(Material shown)

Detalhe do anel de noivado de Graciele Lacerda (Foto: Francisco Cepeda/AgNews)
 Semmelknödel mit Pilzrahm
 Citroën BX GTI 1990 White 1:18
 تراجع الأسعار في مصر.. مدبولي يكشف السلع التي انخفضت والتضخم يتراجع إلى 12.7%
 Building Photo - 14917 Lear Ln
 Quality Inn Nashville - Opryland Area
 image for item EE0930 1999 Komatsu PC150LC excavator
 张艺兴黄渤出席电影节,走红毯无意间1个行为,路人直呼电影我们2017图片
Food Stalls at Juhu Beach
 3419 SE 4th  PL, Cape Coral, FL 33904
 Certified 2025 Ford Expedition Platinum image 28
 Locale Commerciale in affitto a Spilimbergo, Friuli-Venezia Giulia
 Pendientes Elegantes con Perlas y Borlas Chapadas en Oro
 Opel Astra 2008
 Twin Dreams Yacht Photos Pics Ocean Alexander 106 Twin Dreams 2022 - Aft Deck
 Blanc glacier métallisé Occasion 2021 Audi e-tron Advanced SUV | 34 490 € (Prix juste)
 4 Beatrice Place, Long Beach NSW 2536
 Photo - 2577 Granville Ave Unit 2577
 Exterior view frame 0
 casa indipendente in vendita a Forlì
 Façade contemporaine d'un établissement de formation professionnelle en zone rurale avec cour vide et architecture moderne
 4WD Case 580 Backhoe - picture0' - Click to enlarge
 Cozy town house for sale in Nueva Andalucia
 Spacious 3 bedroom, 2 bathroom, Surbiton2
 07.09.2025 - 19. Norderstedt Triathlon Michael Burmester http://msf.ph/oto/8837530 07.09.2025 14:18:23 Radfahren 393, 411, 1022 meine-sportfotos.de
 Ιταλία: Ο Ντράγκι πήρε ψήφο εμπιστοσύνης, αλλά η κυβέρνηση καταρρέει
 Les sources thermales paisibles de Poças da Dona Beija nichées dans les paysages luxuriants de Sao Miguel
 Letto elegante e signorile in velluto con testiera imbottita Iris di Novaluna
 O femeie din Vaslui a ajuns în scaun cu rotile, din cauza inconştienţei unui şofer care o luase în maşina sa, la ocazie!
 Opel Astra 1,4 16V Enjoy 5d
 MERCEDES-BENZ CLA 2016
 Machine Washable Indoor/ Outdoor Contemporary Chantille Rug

(End Material shown)

> **Work to be completed**: With the first line being the one containing "Locale Commerciale in" and the last line the one containing "Letto elegante e", transcribe exactly the lines above that fall in that range.

> **Problem solution**:
 Locale Commerciale in affitto a Spilimbergo, Friuli-Venezia Giulia
 Pendientes Elegantes con Perlas y Borlas Chapadas en Oro
 Opel Astra 2008
 Twin Dreams Yacht Photos Pics Ocean Alexander 106 Twin Dreams 2022 - Aft Deck
 Blanc glacier métallisé Occasion 2021 Audi e-tron Advanced SUV | 34 490 € (Prix juste)
 4 Beatrice Place, Long Beach NSW 2536
 Photo - 2577 Granville Ave Unit 2577
 Exterior view frame 0
 casa indipendente in vendita a Forlì
 Façade contemporaine d'un établissement de formation professionnelle en zone rurale avec cour vide et architecture moderne
 4WD Case 580 Backhoe - picture0' - Click to enlarge
 Cozy town house for sale in Nueva Andalucia
 Spacious 3 bedroom, 2 bathroom, Surbiton2
 07.09.2025 - 19. Norderstedt Triathlon Michael Burmester http://msf.ph/oto/8837530 07.09.2025 14:18:23 Radfahren 393, 411, 1022 meine-sportfotos.de
 Ιταλία: Ο Ντράγκι πήρε ψήφο εμπιστοσύνης, αλλά η κυβέρνηση καταρρέει
 Les sources thermales paisibles de Poças da Dona Beija nichées dans les paysages luxuriants de Sao Miguel
 Letto elegante e signorile in velluto con testiera imbottita Iris di Novaluna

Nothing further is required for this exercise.